Si l’Arctique est bien la région qui se réchauffe le plus vite, à l’échelle des continents, c’est l’Europe qui décroche la palme : +0,56 °C ces 30 dernières années. Et +2,4 °C depuis l’ère préindustrielle contre 1,4 °C pour la moyenne mondiale. © Copernicus

Comment l'expliquer ? L'augmentation globale des températures est le résultat de nos émissions de gaz à effet de serre. C'est désormais « sans équivoque ». Mais au niveau local, le rythme du réchauffement varie selon différents facteurs. Il y a par exemple une différence notable entre continents et océans : les premiers se réchauffent plus vite. Une question de capacité à absorber la chaleur et à l'évaporer ensuite pour se rafraîchir. Les terres, plus sèches, voient leurs températures grimper plus rapidement.

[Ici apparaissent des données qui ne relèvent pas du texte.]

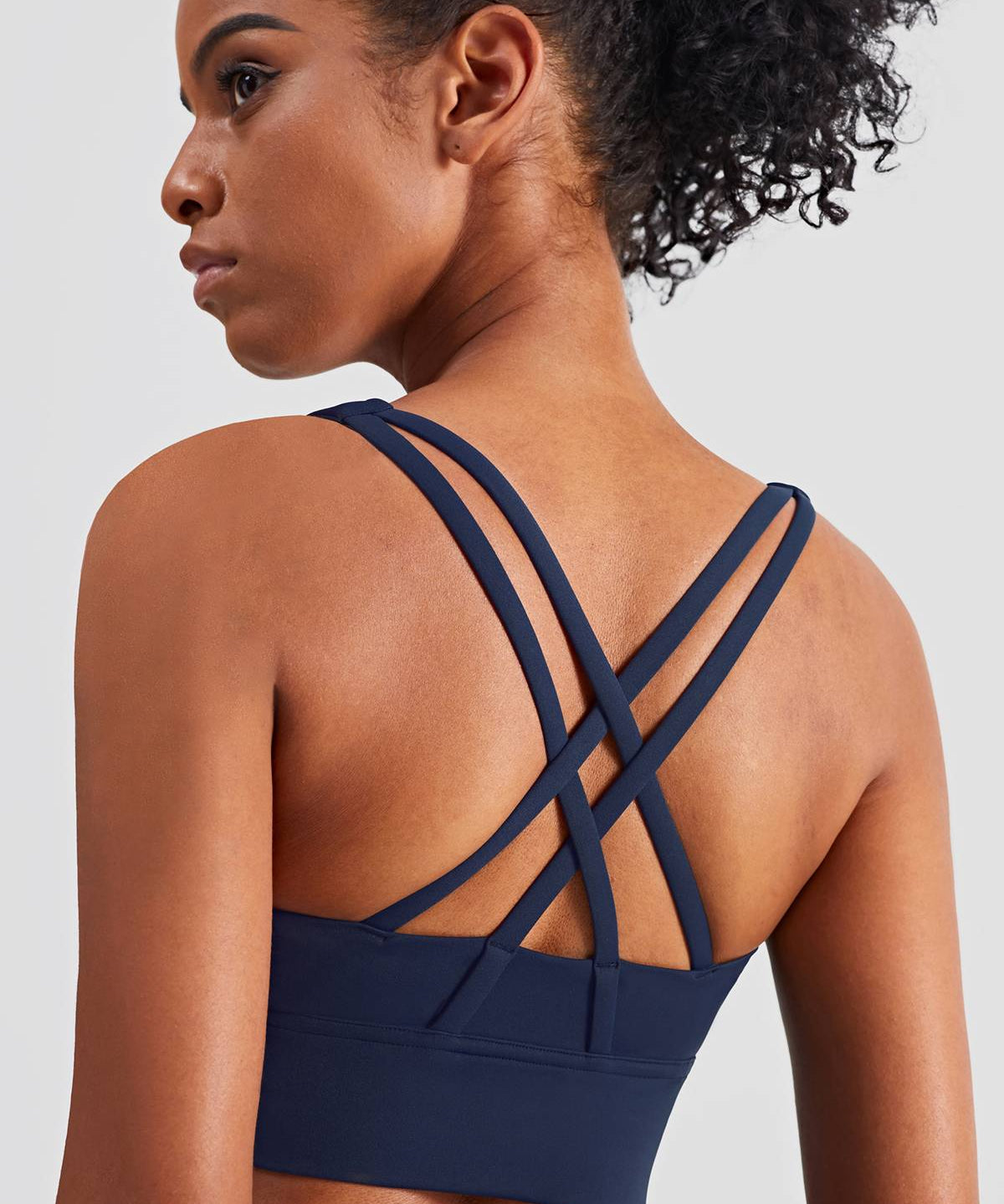 Strappy Back Sports Bra by bornfocus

Un continent par nature plus sensible au réchauffement

Mais cette différence entre terres et océans ne suffit pas seule à expliquer pourquoi l'Europe se distingue autant. Car tous les continents ne se réchauffent pas au même rythme. L'Europe est celui où les températures augmentent le plus vite. Les scientifiques ont identifié plusieurs raisons à cela. Pas toutes directement liées à nos émissions de gaz à effet de serre. Certaines tiennent notamment à des caractéristiques géographiques.

La canicule de 2003 reste la plus sévère qu’a connue notre pays. © Corri Seizinger, Adobe Stock

Quelles ont été les canicules et les vagues de chaleur les plus intenses en France ?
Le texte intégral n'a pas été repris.